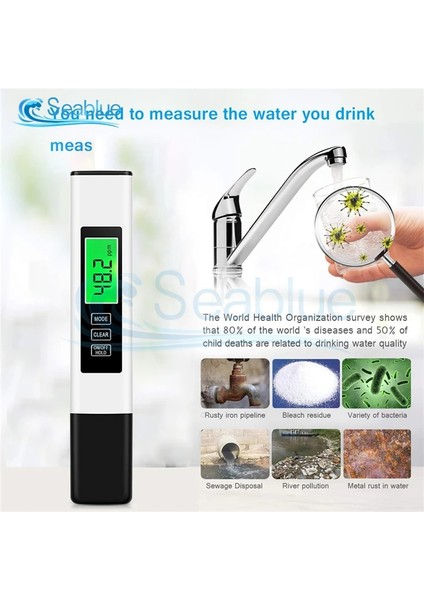 Tds 3 In 1 Tds/sıcaklık/ec Metre Su Test Cihazı 0-9990PPM Iletkenlik Dedektörü Su Kalitesi Monitörü Saflık Ölçü Aracı Akvaryum Için (Yurt Dışından) fiyatları
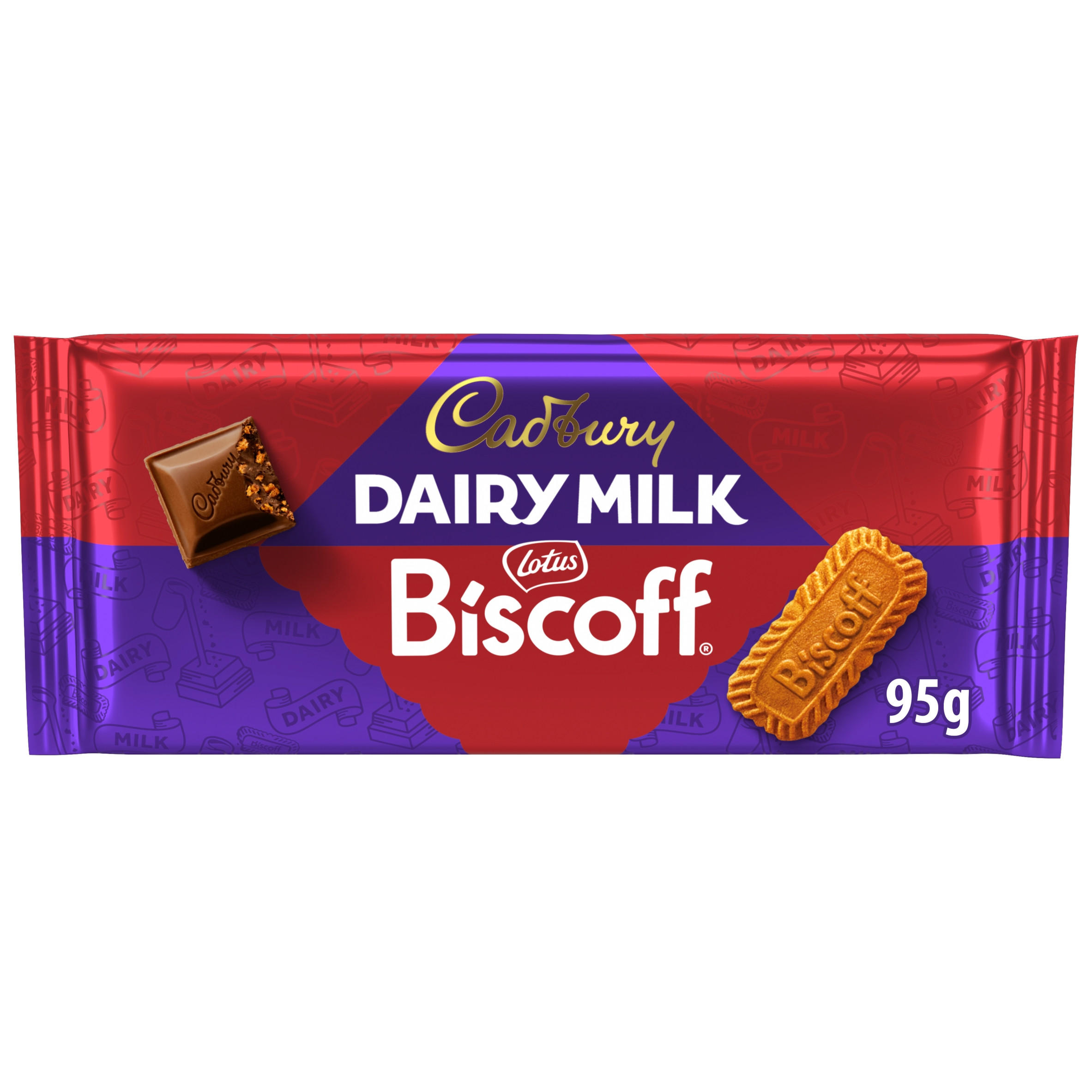 Cadbury Dairy Milk Biscoff Chocolate Bar 95 g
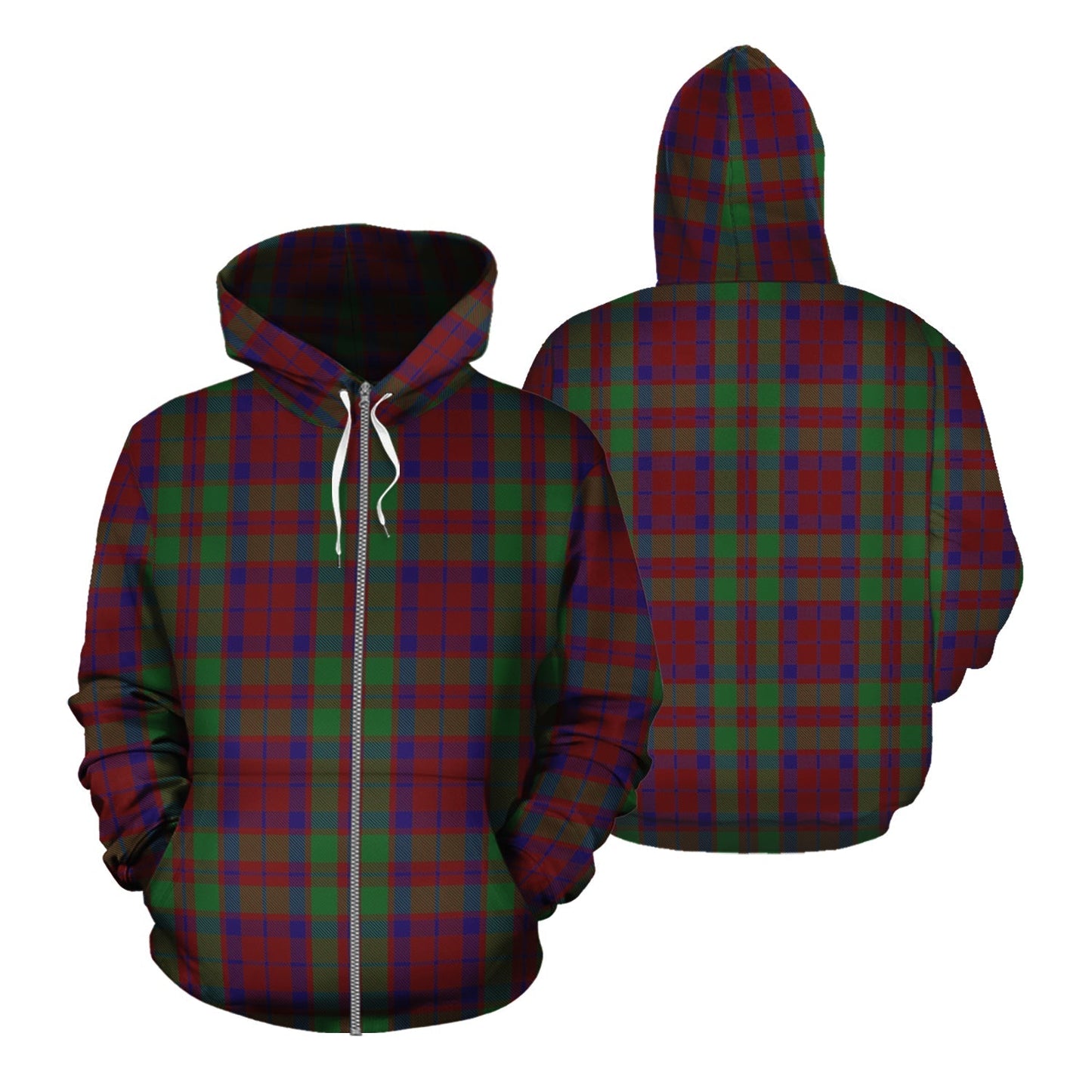 Printivon Macbain Of Tomatin Tartan Hoodie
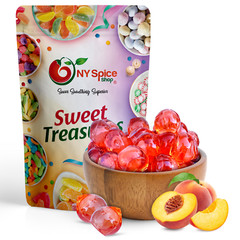 Peach Fruit Filled Gummy Soft Gummy Juicy Candies Weight 8oz TO 5lb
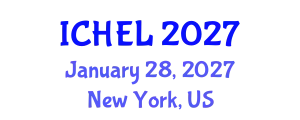 International Conference on Higher Education Law (ICHEL) January 28, 2027 - New York, United States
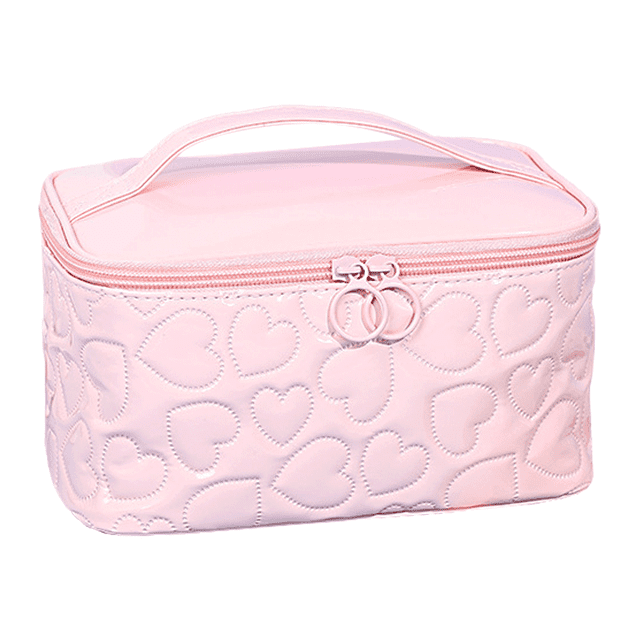 Bolso cosmético portátil portátil de alto valor del almacenamiento de los artículos de tocador y de los cosméticos, hecho de PU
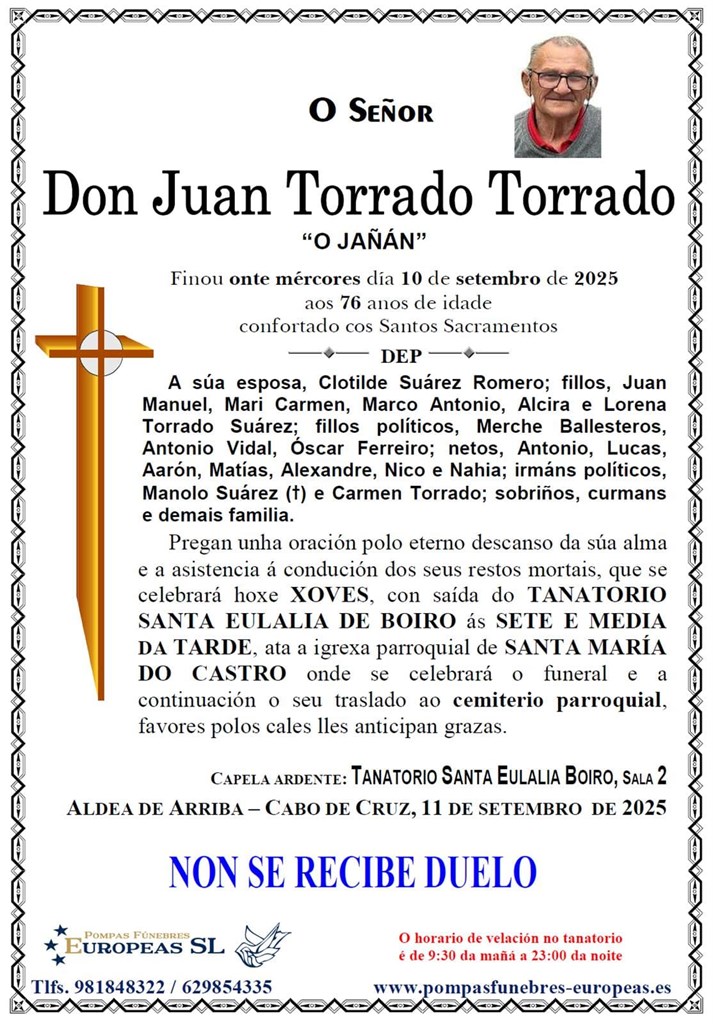 Foto principal Don Juan Torrado Torrado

++++++++

● **AIM OF THE TASK**
Return a verbatim transcription of the data, omitting all images.

● **RESULT FOR THIS EXERCISE**
 Tds 3 In 1 Tds/sıcaklık/ec Metre Su Test Cihazı 0-9990PPM Iletkenlik Dedektörü Su Kalitesi Monitörü Saflık Ölçü Aracı Akvaryum Için (Yurt Dışından) fiyatları
 Cadbury Dairy Milk Biscoff Chocolate Bar 95 g
 Printivon Macbain Of Tomatin Tartan Hoodie
 Peach Fruit Filled Gummy Soft Gummy Juicy Candies Weight 8oz TO 5lb
 International Conference on Higher Education Law (ICHEL) January 28, 2027 - New York, United States
 Bolso cosmético portátil portátil de alto valor del almacenamiento de los artículos de tocador y de los cosméticos, hecho de PU
 Foto principal Don Juan Torrado Torrado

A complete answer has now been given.